Copy out all lines of the listing below that hold "woman".
════════
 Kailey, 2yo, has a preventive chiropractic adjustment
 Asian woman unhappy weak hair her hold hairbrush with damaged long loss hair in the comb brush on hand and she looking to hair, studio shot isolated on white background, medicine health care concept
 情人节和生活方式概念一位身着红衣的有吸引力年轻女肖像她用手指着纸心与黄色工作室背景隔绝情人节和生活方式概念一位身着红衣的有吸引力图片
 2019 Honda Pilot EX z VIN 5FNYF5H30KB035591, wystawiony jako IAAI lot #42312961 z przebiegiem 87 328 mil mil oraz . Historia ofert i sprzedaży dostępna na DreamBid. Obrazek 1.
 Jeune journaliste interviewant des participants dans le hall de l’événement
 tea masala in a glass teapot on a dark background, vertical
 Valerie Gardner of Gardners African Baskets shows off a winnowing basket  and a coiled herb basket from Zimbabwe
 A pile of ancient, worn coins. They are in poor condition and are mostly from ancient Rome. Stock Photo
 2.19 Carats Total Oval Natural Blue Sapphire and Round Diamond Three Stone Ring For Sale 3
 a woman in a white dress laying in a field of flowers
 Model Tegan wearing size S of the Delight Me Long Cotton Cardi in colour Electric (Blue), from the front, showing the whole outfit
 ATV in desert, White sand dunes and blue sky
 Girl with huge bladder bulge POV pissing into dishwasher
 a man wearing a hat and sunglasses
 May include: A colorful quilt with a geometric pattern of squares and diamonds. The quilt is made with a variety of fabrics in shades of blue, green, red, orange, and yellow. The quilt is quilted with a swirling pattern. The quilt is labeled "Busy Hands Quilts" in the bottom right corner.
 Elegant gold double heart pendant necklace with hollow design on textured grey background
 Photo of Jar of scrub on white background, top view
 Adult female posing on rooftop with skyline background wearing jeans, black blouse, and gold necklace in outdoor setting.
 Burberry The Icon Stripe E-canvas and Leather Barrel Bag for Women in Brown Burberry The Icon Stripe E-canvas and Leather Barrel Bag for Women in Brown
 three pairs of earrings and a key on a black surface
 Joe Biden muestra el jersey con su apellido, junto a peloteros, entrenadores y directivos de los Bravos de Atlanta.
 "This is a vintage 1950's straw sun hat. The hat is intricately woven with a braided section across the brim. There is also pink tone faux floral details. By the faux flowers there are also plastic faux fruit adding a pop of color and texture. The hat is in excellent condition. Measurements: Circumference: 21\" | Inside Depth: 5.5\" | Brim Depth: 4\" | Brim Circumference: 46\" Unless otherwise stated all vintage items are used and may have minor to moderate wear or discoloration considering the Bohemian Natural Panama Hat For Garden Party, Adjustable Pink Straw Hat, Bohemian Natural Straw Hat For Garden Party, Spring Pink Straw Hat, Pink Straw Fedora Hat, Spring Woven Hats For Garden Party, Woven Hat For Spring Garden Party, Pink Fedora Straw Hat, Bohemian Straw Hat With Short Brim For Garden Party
════════
=== Output of the exercise ===
 Asian woman unhappy weak hair her hold hairbrush with damaged long loss hair in the comb brush on hand and she looking to hair, studio shot isolated on white background, medicine health care concept
 a woman in a white dress laying in a field of flowers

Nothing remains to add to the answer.